Featured Study: National Neighborhood Crime Study (NNCS), 2000


Ruth Peterson

Ruth Peterson
Sociology
Professor
Criminal Justice Research Center
Director

Ohio State University

Lauren Krivo

Lauren Krivo
Sociology and Criminal Justice
Professor


Rutgers University

ICPSR Study 27501

We certainly appreciate your willingness to talk to us about your latest study deposited with RCMD/ICPSR. We would like to talk to you about this study and data sharing with the broader social science community. In doing so, we, at RCMD, see interviews like this as ways to attract prospective researchers to deposit their research data with us.

Now, let's begin by finding out how you got involved in this study. Also, what were the central objectives of this research effort?

Ruth: We got involved with the study after doing an analysis that involved looking at neighborhood crime in one city, Columbus, OH where we both lived at the time. We were excited with some findings that came from that study showing that communities, when you could make comparisons across communities of different colors that were also economically similar to one another, that the crime rate that we normally see as disparate across, for example, Black and White communities, were much less disparate. So we were interested in determining if that kind of pattern played out across other places and if it was a norm throughout the urban areas of the city. But there's a big problem in trying to do that; and that is that Black communities have very few affluent neighborhoods or Black communities tends not to be so affluent and White communities tend not to be so poor. So when you compare Black and White communities, you're often comparing apples and oranges. The same might be true for Latino and White communities. So we figured that the only way to really handle that problem was to collect data for a large number of cities in the United States and if we would get one or two Black or Latino communities that were economically well off and put them together and make some comparisons across like communities, economically speaking, of different colors. That was sort of the starting point of this work.

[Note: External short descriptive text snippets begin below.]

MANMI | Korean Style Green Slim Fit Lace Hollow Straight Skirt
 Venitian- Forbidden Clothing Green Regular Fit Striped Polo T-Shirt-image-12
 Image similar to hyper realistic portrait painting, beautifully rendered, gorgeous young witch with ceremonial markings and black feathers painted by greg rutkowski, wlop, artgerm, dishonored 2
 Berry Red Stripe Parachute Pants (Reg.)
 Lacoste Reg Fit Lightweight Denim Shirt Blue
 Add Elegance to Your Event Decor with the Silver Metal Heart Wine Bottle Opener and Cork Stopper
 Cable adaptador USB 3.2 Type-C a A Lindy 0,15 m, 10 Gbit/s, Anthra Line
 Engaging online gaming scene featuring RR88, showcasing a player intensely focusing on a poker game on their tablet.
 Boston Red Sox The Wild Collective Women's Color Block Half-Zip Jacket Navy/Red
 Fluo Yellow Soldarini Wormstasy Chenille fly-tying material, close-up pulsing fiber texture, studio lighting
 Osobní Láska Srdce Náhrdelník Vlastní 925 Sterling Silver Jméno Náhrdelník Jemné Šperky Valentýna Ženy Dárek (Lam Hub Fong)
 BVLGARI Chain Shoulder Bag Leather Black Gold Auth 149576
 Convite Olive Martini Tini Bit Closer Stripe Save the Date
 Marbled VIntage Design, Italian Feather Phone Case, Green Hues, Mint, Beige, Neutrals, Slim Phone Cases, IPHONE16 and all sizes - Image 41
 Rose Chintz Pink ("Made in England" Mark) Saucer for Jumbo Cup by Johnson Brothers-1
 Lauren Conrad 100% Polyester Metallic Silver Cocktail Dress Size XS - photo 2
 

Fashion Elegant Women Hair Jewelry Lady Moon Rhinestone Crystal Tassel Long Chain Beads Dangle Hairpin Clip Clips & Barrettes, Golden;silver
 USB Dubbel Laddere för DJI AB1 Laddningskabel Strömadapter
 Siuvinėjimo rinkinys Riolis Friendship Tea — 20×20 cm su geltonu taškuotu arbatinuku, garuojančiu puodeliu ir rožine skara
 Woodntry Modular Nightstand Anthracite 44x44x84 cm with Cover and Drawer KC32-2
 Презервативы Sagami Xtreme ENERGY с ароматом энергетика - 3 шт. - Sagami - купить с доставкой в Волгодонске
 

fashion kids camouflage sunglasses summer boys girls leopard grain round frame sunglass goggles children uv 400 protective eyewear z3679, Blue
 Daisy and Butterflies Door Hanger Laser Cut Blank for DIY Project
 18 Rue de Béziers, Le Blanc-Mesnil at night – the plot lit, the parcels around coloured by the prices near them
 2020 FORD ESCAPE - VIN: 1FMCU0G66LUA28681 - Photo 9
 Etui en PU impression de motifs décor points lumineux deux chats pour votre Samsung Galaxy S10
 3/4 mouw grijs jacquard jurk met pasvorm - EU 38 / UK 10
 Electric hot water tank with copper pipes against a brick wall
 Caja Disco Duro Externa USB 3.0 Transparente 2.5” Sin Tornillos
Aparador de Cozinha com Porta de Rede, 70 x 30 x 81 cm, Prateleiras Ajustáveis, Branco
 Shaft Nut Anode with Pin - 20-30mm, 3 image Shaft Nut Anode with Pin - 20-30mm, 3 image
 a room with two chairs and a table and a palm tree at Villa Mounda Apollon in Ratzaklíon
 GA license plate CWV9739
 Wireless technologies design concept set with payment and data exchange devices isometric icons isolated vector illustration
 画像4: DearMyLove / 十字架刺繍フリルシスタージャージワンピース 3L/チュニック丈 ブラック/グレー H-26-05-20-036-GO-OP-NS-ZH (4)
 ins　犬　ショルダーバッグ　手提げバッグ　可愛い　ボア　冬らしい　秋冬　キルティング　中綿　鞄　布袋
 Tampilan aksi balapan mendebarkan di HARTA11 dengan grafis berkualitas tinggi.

Now that you have conducted the study, and analyzed the data, what would say are the major findings of your research?

Laurie: We recently published a book called Divergent Social Worlds which analyzed the question that Ruth just explained to you in a great deal of detail, trying to understand whether, in fact, how do the divergent social conditions, the economic conditions, in communities that have different ethnic and racial compositions, how much does it contribute to differences in crime? There's a couple things that are really important that I think have come out of that. One of them is this idea that Ruth said about how we thought that we needed to do a large number of cities to have enough African American communities that were affluent enough to compare with White communities, and enough White communities that were disadvantaged enough to compare with African American and Latino communities. We found that if you have enough cities, in fact you can make those comparisons but those comparisons are still relatively few and far between. That's why we called our book Divergent Social Worlds. The White communities tend to still be extremely privileged in terms of their social and economic conditions relative to the African American and the Latino communities and the overlap in those two is relatively modest. Just enough to actually be able to study more adequately the role of those conditions in contributing to crime because you have more comparable communities but the divergence is still tremendous. Even though now we have nearly 9,000 neighborhoods in the study whereas before it was just 200 neighborhoods in our study of the single city of Columbus. So we have really diverse kinds of cities and a very large number of neighborhoods. The second thing is that, actually nonetheless, when you do at least statistically equate the White, African American and Latino, and we do have actually other minorities and integrated neighborhoods, when neighborhoods are equated, levels of violent crimes are considerably more comparable. It's these differences in disadvantage that really contribute to this. The same pattern is true for property crime, but property crime is much less unequal, it turns out.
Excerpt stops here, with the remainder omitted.